Likewise, beyond backbreaking athletics and practice-makes-perfect drills, there is no better way to cultivate iron Discipline than through sitting one's 'never-attaining-more-than-20%-on-a-maths-paper' self down, and confronting the sums that don't add up and the numbers that remain complex. The development of a functioning internal locus of control begins when the coordinates of 'what you detest doing' forms a straight line with 'what you have to do'.
And above all, in the process of pursuing a good grade, the Courage garnered to approach and grapple with the unknown may end up forming the core of a positive attitude that allows for an unassailable start in the real world. After all, great learners are as frightened of new challenges as others. But the tenacity to learn could perhaps be the simple differentiating factor between the student who struggles to overcome their initial lack of understanding of macroeconomic goals, and the student who grows up to contribute to soaring global Unemployment.
It is easy to argue that the qualities of resilience, discipline, courage and more can be attained as effectively through other activities; or even through academics SANS an uncompromising grading curve. But if you can't change it, why not embrace it?
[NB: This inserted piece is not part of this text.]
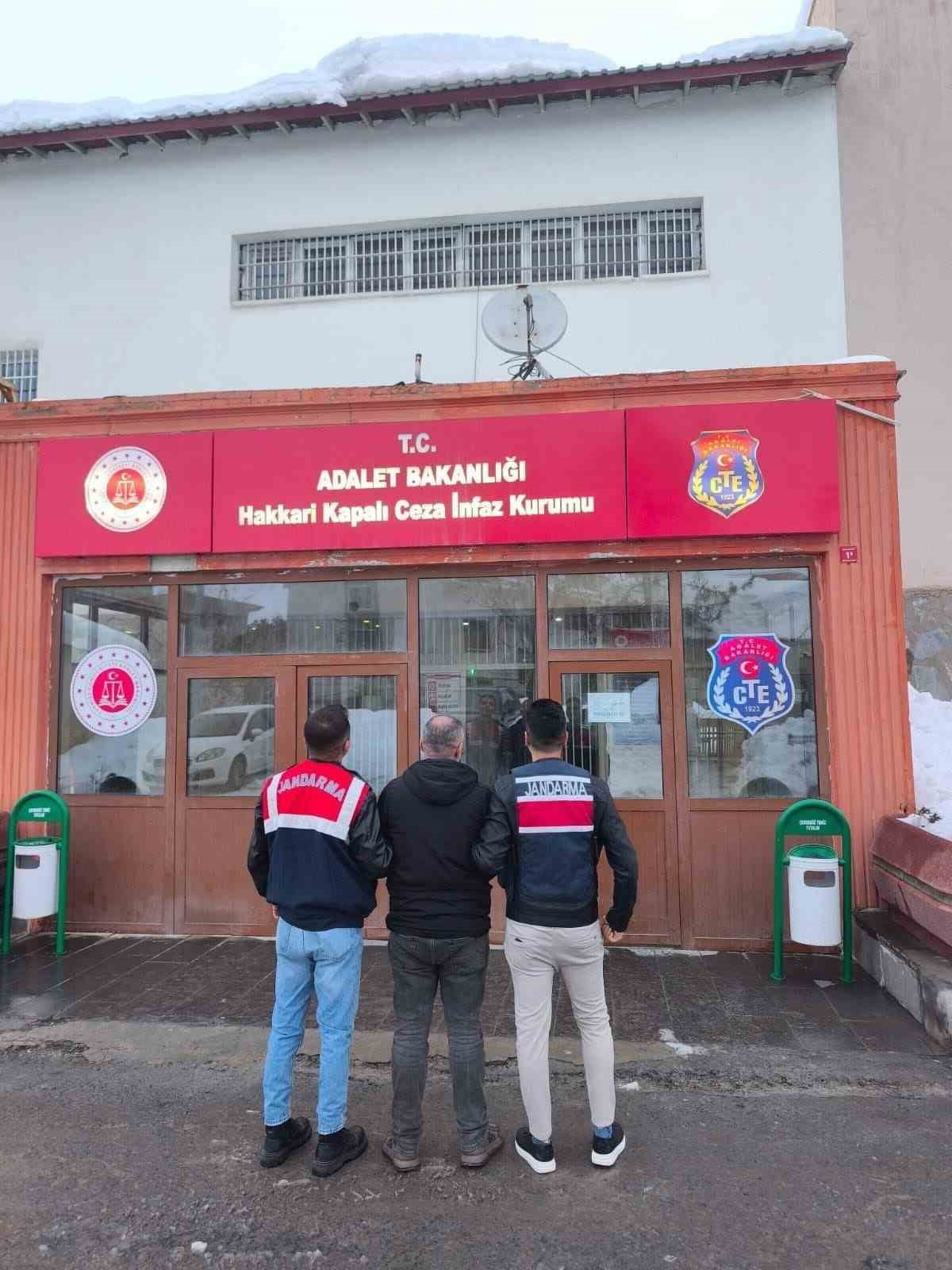 HAKKARİ İL JANDARMA KOMUTANLIĞI EKİPLERİNCE YÜRÜTÜLEN ÇALIŞMALAR KAPSAMINDA HAKKINDA 13 YIL 9 AY...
What more, the acquisition of these skills and virtues under the pressure of grades – ironically – provides the very tools that propels one to success! Hence, it is probably more productive to perceive test scores as a tangible representations of dynamic goals, or even new levels of potential to unleash. Therein, the pressure from the barometer of academic achievement itself is converted to a source of motivation instead.
Ultimately, grades will always remain as a bunch of numbers (eventually forgotten). The greatest failure, hence, lies not in the rigidity and supposed blindness of this system that demarcates success based on a stipulated numerical boundary. The failure lies within one's inability to see beyond the preoccupation with those pathetic digits that hold no value more than what is self-prescribed.
|
Profile
Welcome to my little space of neurotic ramblings and hilariously futile attempts to cope with my feelings like a mature individual should. You may laugh/empathize (preferably the latter).
I use the semi-colon too much; am I even using it correctly?
|
You are more than the sum of your grades.
Thursday, October 9, 2014 / 8:28 PM ♥
Whenever the exam season – or the release of grades – rolls around the corner, constant reminders regarding the fatally limiting nature of academic results begin to surface exponentially.
You are more than the sum of your grades.
There are many things in life that are worth more than your test score.
Grades are important – but what matters more is character.
Indeed, as hackneyed as these phrases may sound, they do carry a certain degree of truth. But they ought not become excuses for students to neglect the significance of exams or to invest less effort in their studies.
After this morning's devotion and an insightful conversation with a friend, it occurred to me that perhaps the reason behind the perpetual need to downplay the importance of academic scores in results-oriented, grades-obsessed Singapore is our misplacement of its actual value. Hyper-focused on the slant that "perfect scores" indicate intellectual aptitude, superior capability, and boundless potential, the nature of this system often fails spotlight other innate virtues that are indirectly revealed.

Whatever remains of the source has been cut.